Scraped caption text data:
= = = = = = =

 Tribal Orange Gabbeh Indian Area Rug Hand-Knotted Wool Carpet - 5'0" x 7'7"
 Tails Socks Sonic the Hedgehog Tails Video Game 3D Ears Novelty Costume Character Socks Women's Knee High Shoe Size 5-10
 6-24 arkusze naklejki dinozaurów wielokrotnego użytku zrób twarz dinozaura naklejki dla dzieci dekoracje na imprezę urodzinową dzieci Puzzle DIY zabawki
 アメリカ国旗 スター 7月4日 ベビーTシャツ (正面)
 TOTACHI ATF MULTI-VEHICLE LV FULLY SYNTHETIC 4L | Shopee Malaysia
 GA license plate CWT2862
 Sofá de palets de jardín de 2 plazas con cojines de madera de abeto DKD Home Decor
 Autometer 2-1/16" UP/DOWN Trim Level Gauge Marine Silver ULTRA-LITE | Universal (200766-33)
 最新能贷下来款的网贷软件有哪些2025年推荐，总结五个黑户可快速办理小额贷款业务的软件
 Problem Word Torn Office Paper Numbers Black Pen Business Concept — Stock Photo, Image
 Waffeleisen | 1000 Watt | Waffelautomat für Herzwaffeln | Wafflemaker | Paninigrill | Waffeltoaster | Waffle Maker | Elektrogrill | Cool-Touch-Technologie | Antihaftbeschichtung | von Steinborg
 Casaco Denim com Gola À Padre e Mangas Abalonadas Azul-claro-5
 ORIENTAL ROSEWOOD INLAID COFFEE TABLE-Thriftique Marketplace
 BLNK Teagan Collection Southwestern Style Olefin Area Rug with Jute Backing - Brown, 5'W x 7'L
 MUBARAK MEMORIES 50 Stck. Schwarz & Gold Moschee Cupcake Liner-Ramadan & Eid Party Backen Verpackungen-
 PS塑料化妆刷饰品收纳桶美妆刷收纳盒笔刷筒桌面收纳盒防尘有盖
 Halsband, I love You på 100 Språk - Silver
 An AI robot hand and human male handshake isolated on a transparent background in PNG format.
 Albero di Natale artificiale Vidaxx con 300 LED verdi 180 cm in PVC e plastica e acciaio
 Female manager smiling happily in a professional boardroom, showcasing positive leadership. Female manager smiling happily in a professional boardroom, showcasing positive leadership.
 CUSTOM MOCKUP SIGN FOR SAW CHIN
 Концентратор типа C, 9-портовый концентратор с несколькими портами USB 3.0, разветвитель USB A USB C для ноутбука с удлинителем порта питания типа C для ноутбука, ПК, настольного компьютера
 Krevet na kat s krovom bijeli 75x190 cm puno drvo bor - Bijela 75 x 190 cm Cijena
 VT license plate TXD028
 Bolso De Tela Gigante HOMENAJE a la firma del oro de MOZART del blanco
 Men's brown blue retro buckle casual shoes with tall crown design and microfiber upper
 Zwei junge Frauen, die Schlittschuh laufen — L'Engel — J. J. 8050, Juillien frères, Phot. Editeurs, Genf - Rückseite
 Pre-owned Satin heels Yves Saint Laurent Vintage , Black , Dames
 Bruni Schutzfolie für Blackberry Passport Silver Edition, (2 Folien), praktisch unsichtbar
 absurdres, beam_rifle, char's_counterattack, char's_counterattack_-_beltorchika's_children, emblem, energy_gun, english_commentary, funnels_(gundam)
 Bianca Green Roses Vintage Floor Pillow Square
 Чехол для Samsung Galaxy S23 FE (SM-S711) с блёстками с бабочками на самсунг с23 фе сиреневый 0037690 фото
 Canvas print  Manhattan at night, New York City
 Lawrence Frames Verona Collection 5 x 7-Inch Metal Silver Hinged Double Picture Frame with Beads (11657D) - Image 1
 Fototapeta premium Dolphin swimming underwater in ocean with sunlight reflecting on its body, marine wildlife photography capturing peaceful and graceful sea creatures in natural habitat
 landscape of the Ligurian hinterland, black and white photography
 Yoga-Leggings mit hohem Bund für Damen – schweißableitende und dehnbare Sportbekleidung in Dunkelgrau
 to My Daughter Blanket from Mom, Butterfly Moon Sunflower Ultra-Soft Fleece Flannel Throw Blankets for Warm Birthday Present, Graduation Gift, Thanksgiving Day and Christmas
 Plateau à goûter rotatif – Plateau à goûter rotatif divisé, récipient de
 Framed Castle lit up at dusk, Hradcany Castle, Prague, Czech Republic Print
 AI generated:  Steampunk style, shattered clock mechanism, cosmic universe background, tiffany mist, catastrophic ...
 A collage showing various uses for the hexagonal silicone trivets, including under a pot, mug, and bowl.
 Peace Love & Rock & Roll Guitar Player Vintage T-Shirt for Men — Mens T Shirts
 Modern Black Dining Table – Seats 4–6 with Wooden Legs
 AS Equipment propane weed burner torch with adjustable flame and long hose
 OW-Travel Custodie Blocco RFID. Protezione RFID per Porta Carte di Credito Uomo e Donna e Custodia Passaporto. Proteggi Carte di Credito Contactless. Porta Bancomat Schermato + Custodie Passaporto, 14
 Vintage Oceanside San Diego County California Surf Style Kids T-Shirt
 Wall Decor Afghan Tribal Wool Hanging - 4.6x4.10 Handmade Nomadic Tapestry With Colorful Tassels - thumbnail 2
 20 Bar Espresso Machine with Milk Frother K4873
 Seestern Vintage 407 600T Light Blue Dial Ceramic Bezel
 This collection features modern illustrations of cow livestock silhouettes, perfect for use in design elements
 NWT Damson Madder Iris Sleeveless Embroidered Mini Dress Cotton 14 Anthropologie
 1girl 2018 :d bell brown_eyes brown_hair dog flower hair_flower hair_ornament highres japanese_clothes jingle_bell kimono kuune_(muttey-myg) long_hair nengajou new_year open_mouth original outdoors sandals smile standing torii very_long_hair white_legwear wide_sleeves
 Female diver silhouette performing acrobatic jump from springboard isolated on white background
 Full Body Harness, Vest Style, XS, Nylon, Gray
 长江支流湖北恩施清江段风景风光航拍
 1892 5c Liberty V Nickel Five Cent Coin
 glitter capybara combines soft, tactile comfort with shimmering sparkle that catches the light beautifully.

= = = = = = =

* _To do_
Count how many lines in the records hold the string "Silver"; reply with the number alone.

* _Finished exercise_
4